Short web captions
====
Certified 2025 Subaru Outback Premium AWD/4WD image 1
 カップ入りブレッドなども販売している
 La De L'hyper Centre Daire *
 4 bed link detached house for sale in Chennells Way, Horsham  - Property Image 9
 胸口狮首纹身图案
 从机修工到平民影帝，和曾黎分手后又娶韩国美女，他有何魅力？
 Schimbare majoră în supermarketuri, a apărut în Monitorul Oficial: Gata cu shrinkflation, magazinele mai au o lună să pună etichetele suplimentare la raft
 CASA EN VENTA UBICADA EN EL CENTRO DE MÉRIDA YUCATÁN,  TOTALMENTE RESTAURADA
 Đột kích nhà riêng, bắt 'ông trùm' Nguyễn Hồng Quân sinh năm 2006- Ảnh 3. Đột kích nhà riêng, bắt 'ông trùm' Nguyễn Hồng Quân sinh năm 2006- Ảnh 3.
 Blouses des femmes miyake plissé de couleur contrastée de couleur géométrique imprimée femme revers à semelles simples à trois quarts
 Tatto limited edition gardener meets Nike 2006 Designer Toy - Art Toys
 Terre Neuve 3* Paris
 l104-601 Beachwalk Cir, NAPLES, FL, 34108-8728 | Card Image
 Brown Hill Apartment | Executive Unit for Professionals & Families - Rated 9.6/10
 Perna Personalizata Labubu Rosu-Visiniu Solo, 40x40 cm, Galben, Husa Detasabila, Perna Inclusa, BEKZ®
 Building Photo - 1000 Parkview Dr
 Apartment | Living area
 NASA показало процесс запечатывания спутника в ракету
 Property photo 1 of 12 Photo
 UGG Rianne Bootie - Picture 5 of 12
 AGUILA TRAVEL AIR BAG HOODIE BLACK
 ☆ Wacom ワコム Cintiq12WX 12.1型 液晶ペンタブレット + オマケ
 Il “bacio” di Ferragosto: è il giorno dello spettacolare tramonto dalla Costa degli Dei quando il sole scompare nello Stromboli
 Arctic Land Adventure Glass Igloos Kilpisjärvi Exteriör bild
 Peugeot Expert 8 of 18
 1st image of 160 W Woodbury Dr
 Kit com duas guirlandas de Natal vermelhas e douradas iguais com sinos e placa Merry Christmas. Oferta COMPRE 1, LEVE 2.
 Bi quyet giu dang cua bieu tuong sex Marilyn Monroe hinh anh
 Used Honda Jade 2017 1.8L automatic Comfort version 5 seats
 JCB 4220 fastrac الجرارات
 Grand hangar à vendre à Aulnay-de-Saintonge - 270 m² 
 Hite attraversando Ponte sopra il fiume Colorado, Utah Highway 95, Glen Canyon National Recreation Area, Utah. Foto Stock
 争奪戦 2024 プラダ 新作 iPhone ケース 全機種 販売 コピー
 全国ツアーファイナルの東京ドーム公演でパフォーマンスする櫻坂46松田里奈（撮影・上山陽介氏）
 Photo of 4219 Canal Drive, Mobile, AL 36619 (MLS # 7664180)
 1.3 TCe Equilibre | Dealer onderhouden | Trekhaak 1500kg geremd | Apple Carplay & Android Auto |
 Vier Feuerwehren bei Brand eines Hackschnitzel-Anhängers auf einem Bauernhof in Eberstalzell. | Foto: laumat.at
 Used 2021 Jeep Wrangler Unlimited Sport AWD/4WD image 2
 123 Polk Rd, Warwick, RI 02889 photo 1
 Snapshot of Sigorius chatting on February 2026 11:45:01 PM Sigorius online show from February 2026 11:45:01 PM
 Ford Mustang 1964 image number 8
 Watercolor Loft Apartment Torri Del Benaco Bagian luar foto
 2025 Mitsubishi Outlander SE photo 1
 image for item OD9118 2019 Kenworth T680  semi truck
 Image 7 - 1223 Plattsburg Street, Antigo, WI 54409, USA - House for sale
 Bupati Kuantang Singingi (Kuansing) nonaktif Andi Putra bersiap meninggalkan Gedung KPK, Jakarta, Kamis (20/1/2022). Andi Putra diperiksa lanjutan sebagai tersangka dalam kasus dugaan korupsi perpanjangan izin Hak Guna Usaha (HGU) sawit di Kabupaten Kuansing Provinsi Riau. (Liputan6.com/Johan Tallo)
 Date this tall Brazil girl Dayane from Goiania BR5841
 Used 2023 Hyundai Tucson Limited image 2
====
* Problem to work on: Print exactly, and only, the lines from the line containing "Image 7 - 1223" through the final line of the records, both included.

* Your solution:
 Image 7 - 1223 Plattsburg Street, Antigo, WI 54409, USA - House for sale
 Bupati Kuantang Singingi (Kuansing) nonaktif Andi Putra bersiap meninggalkan Gedung KPK, Jakarta, Kamis (20/1/2022). Andi Putra diperiksa lanjutan sebagai tersangka dalam kasus dugaan korupsi perpanjangan izin Hak Guna Usaha (HGU) sawit di Kabupaten Kuansing Provinsi Riau. (Liputan6.com/Johan Tallo)
 Date this tall Brazil girl Dayane from Goiania BR5841
 Used 2023 Hyundai Tucson Limited image 2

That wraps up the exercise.